Drop every picture. Then return, exactly, the lines from the beginning of the listing below through the one containing "2025타경9023 서울특별시 강서구".

** MATERIAL FOR THIS EXERCISE follows **

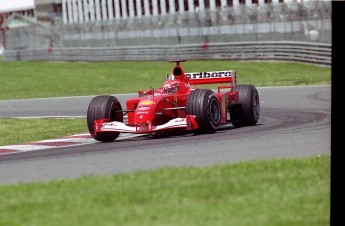 Retour dans le passé - GP du Canada 2001
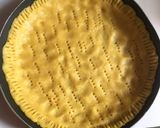 Foto langkah ke 3 dari resep Pie Susu Ovomaltine Keju Teflon Anti Gagal.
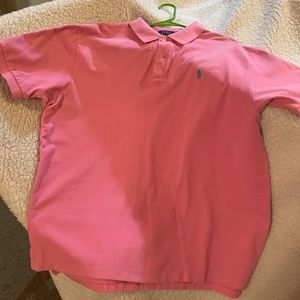 Pink Polo shirt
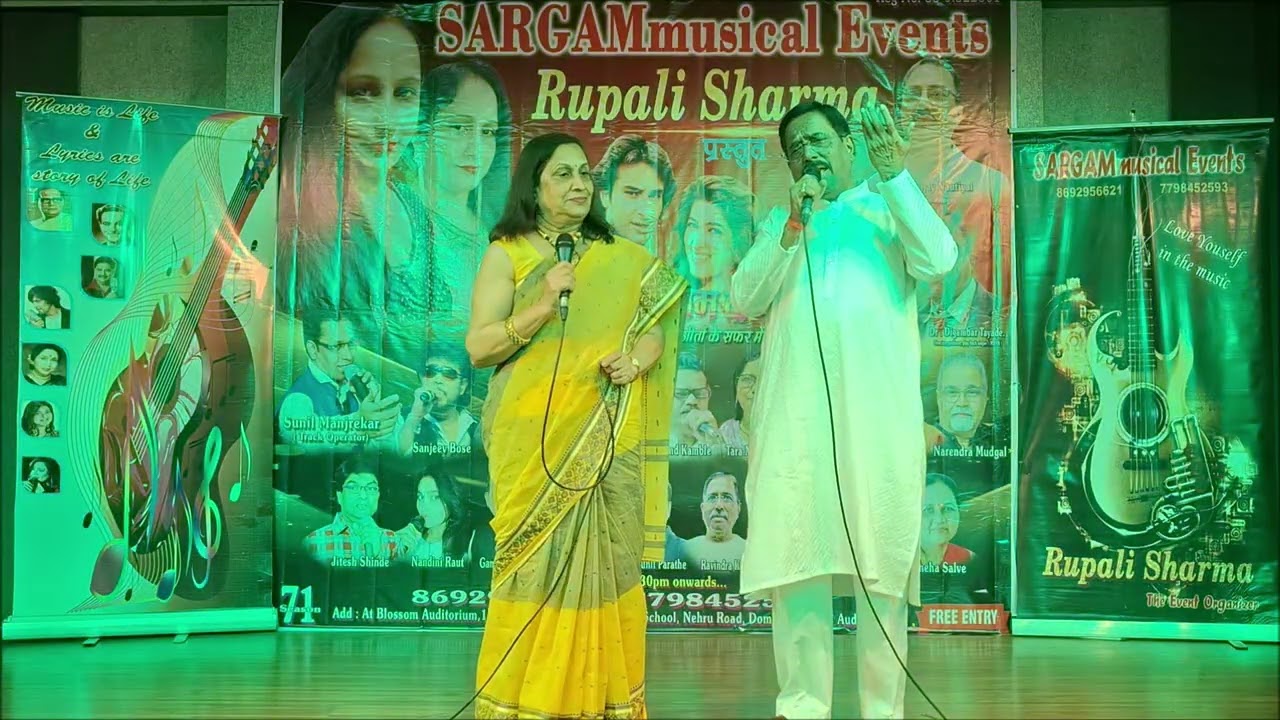Mera pyar bhi tu Hai Song by Ravindra Kale & Sushma Joshi ji 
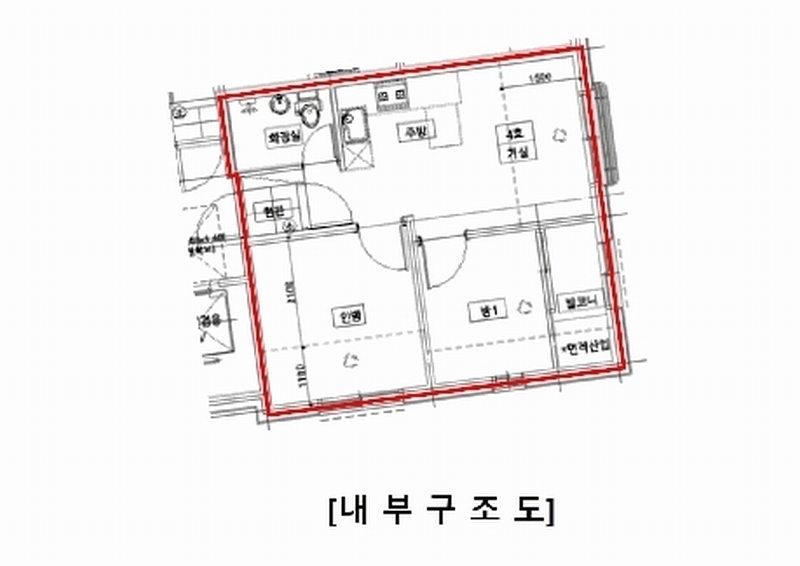 2025타경9023 서울특별시 강서구 강서로10길 58서울특별시 강서구 강서로○○○○, 엔에스타운 2층 204호엔에스타○○ 다세대(빌라)[공급10평형] 경매 이미지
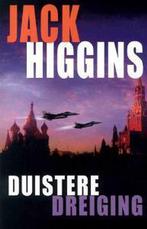 Duistere dreiging 9789022541029 Jack Higgins, Boeken, Verzenden, Gelezen, Jack Higgins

** End of MATERIAL FOR THIS EXERCISE **

**PROBLEM SOLUTION**
 Retour dans le passé - GP du Canada 2001
 Foto langkah ke 3 dari resep Pie Susu Ovomaltine Keju Teflon Anti Gagal.
 Pink Polo shirt
Mera pyar bhi tu Hai Song by Ravindra Kale & Sushma Joshi ji 
 2025타경9023 서울특별시 강서구 강서로10길 58서울특별시 강서구 강서로○○○○, 엔에스타운 2층 204호엔에스타○○ 다세대(빌라)[공급10평형] 경매 이미지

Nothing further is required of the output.